TO DO: The answer must consist of the entries, copied exactly and in full.

[Opening RECORDS SUPPLIED section]

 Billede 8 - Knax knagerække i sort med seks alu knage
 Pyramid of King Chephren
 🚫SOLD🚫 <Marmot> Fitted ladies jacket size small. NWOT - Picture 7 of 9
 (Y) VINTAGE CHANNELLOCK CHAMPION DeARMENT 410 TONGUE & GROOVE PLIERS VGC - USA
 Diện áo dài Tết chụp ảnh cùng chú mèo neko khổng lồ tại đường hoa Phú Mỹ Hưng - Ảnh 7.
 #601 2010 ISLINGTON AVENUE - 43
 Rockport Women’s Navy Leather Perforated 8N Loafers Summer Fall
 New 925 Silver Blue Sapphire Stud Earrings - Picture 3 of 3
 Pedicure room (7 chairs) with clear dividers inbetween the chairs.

[Closing RECORDS SUPPLIED section]

SOLUTION FOR THIS PROBLEM:
 Billede 8 - Knax knagerække i sort med seks alu knage
 Pyramid of King Chephren
 🚫SOLD🚫 <Marmot> Fitted ladies jacket size small. NWOT - Picture 7 of 9
 (Y) VINTAGE CHANNELLOCK CHAMPION DeARMENT 410 TONGUE & GROOVE PLIERS VGC - USA
 Diện áo dài Tết chụp ảnh cùng chú mèo neko khổng lồ tại đường hoa Phú Mỹ Hưng - Ảnh 7.
 #601 2010 ISLINGTON AVENUE - 43
 Rockport Women’s Navy Leather Perforated 8N Loafers Summer Fall
 New 925 Silver Blue Sapphire Stud Earrings - Picture 3 of 3
 Pedicure room (7 chairs) with clear dividers inbetween the chairs.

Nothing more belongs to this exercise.